<<<<

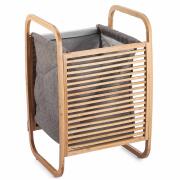 BAKAJI  Καλάθι Απλύτων από Μπαμπού με Υφασμάτινη Τσάντα 40 x 35 x 71 cm 02814319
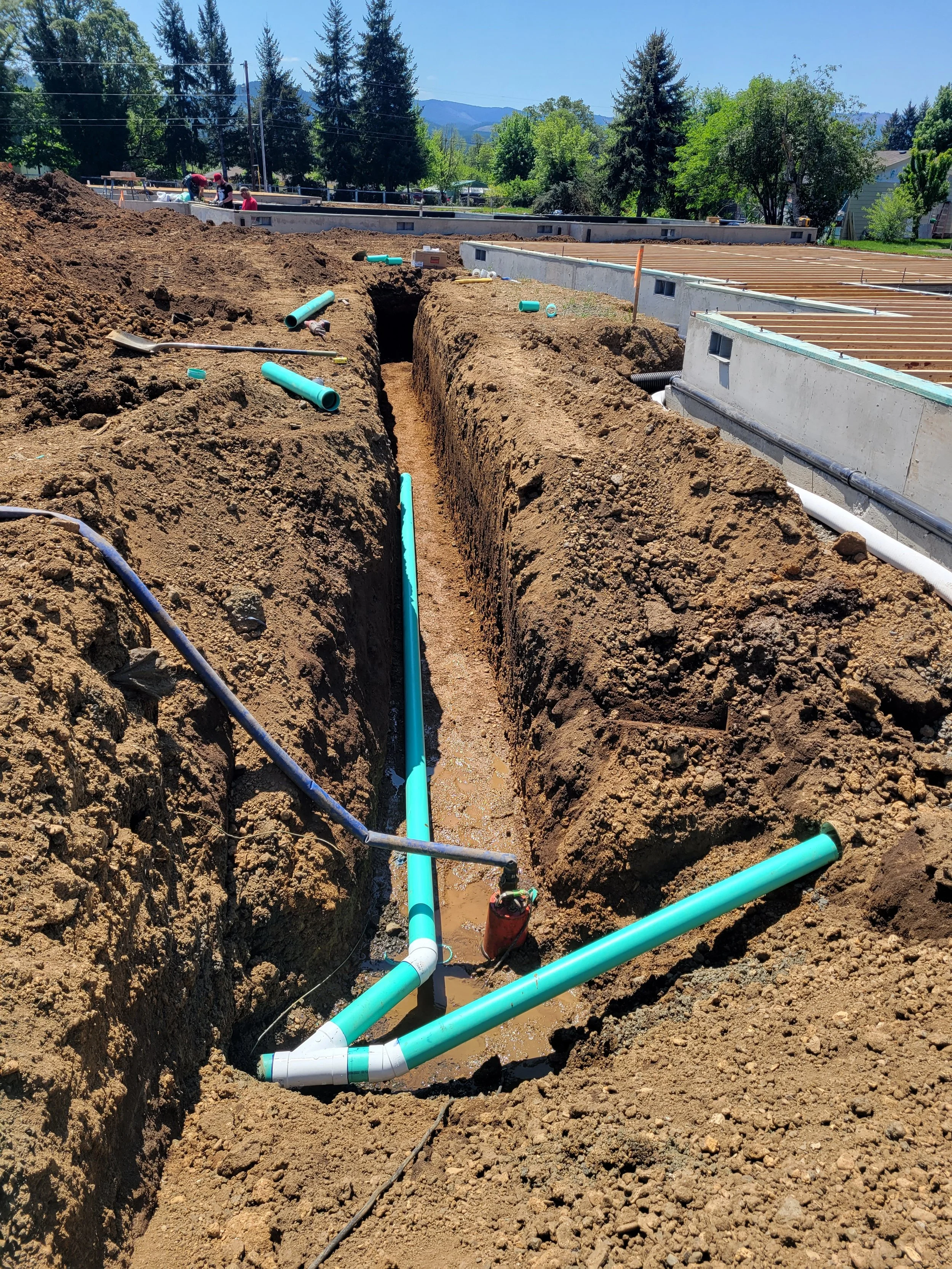 Trenching the utilities in Brownsville Oregon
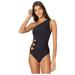 Carmen Marc Valvo Women's Shoulder One Piece Swimsuit, Black, 8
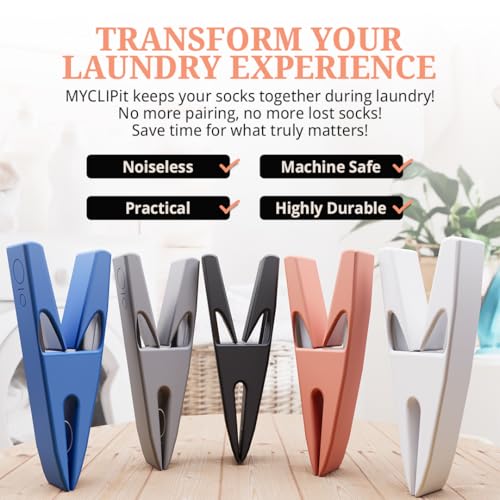 MYCLIPit Sock Clips – Keeps Socks Together During Laundry – Stainless Steel Laundry Clips with Rubber Guard – Keeps Socks Paired, No More Lost Socks, Saves Time – Black, 16ct - color: Black, size: 16ct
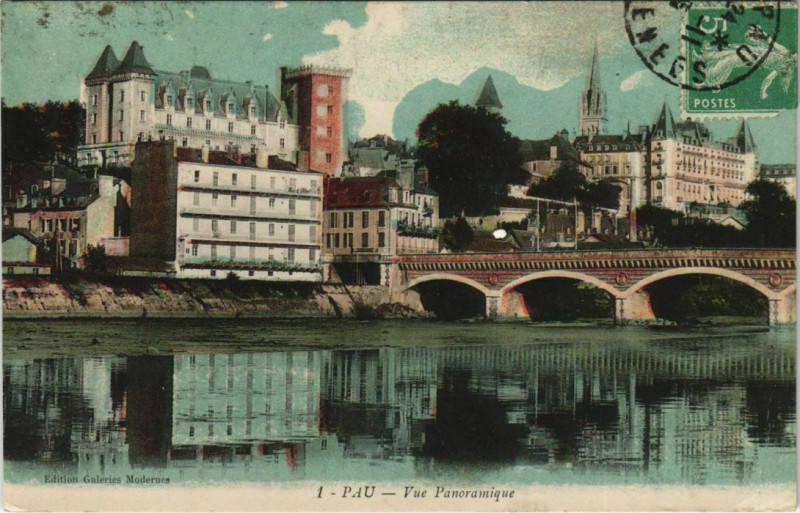 Carte postale ancienne Pau - Vue Panoramique à Pau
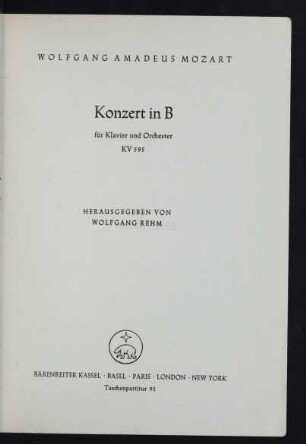 Konzert in B für Klavier und Orchester : KV 595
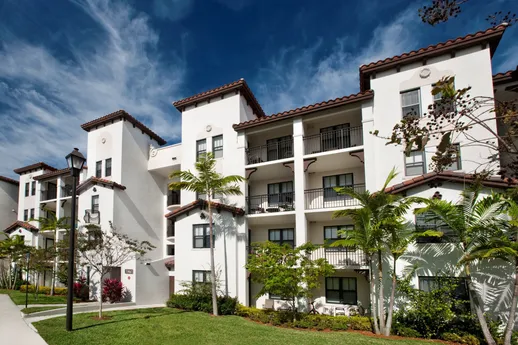 Building exterior showing apartments with balconies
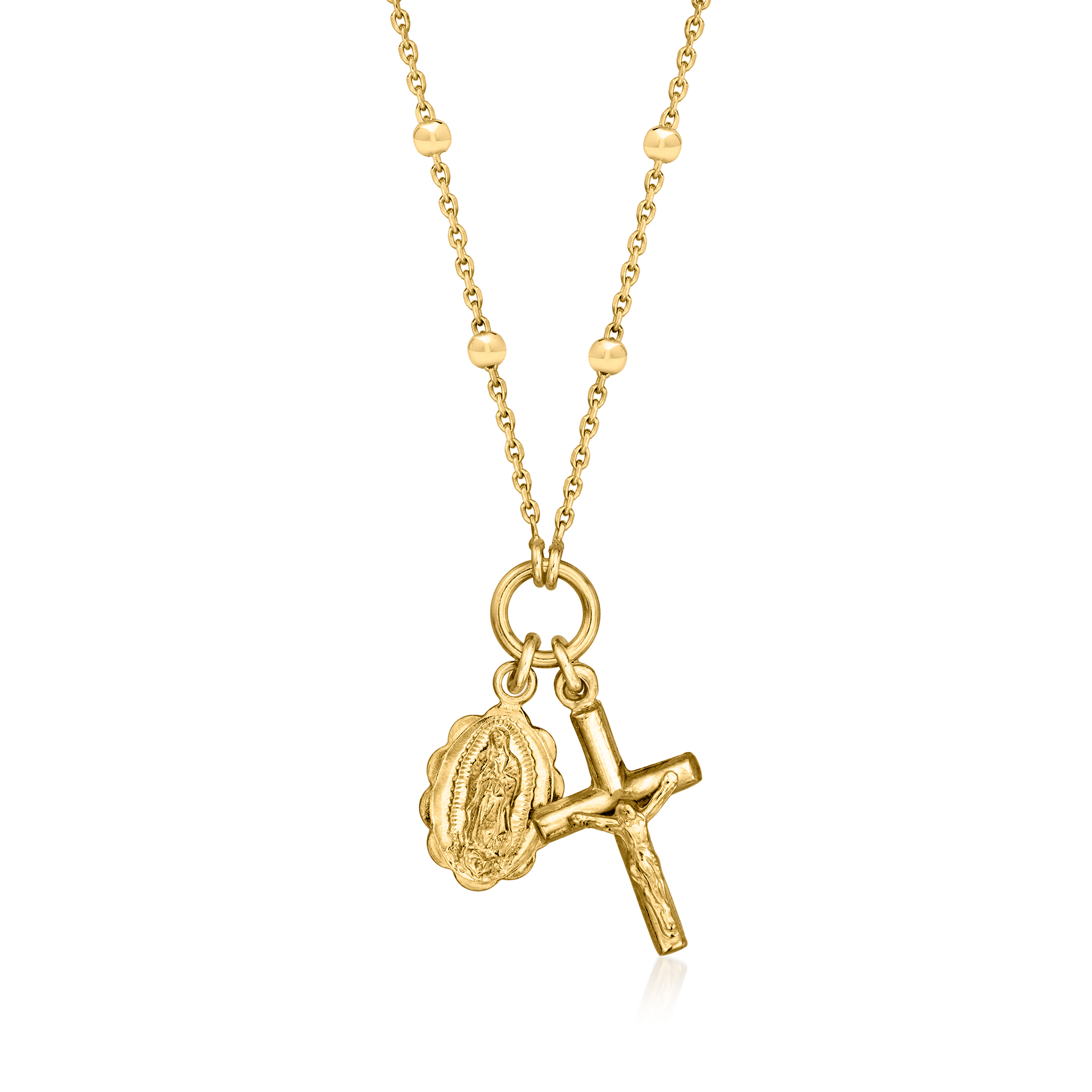 Italian 18kt Gold Over Sterling Religious Charm Necklace. 18&quot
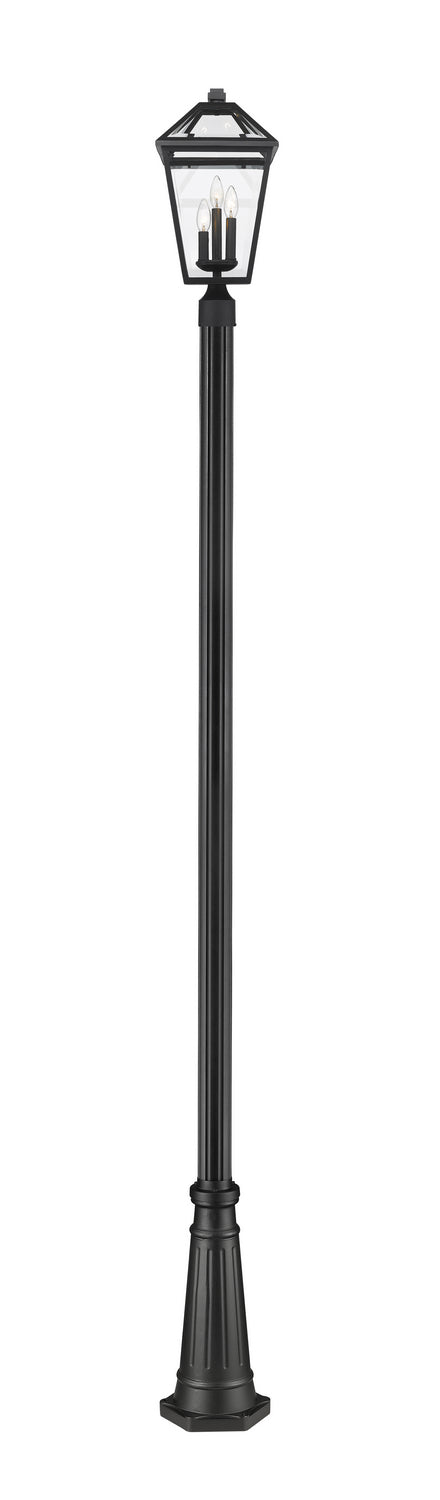 Z-Lite 579PHBR-519P-BK Three Light Outdoor Post Mounted Fixture, Black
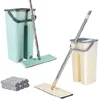 MOPS Liten hink Flat Mop Hucket Set skiljer smutsigt vatten och rent vatten utformat för vått och torrt hushåll med två användningsområden Lazy Flat Mop 230726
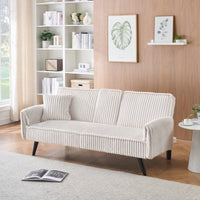 Minimalist Straight-Line Corduroy Sofa For Living Room And Bedroom Comfort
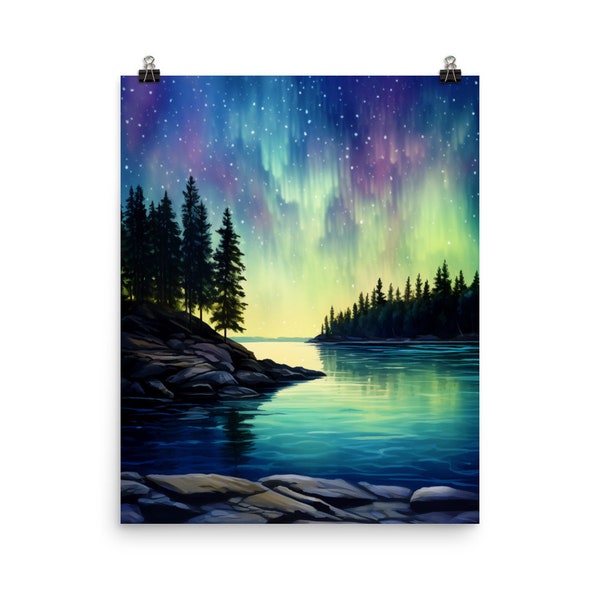 Voyageurs National Park Watercolor Print | Minnesota Gift | Northern Lights Wall Art | Aurora Borealis Decor | US Poster | Night Sky Art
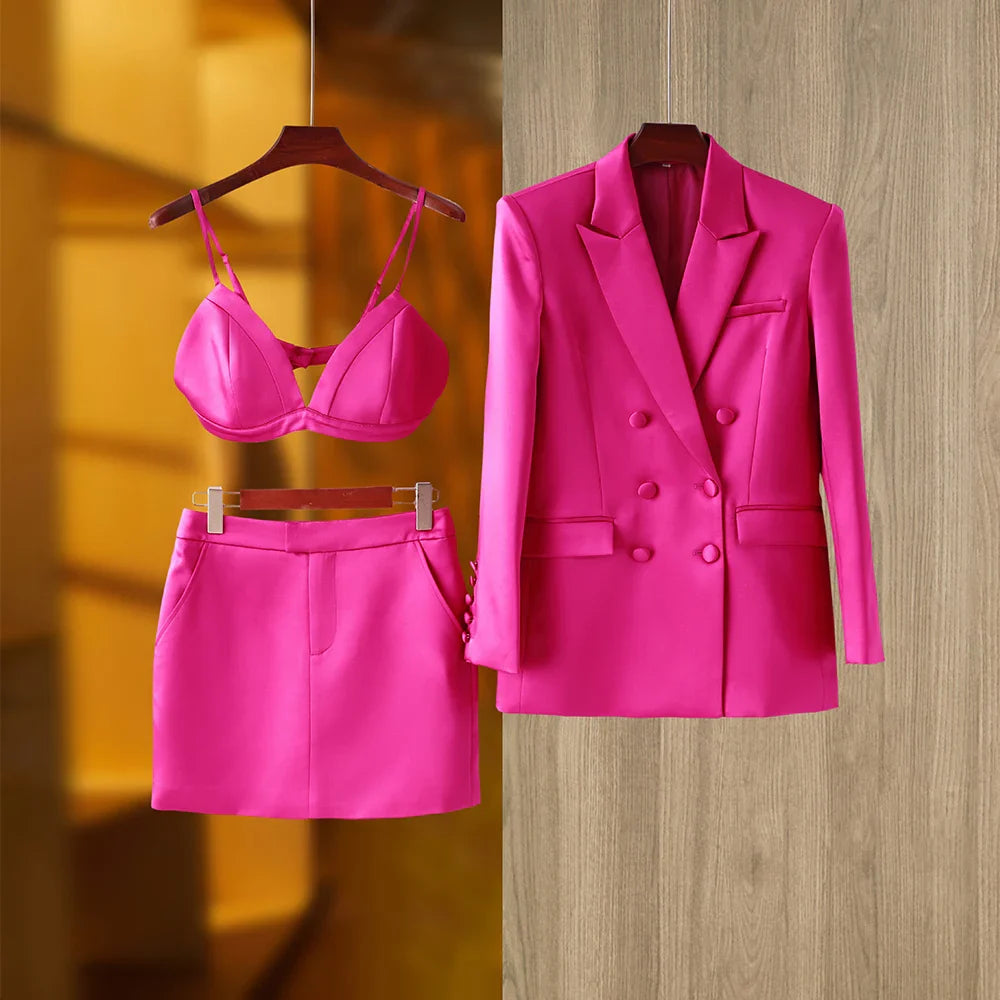 Smooth Satin Fabric Fusicha 3PCS Blazer Suit Fashion Elegant Street Mini Skirt Women Clothing Fuchsia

>>>>

▶ _Task details_:
Set down word for word every line from the line containing "Voyageurs National Park" through the last line of the entries, and nothing more; no pictures.

▶ _Problem solution_:
 Voyageurs National Park Watercolor Print | Minnesota Gift | Northern Lights Wall Art | Aurora Borealis Decor | US Poster | Night Sky Art
 Smooth Satin Fabric Fusicha 3PCS Blazer Suit Fashion Elegant Street Mini Skirt Women Clothing Fuchsia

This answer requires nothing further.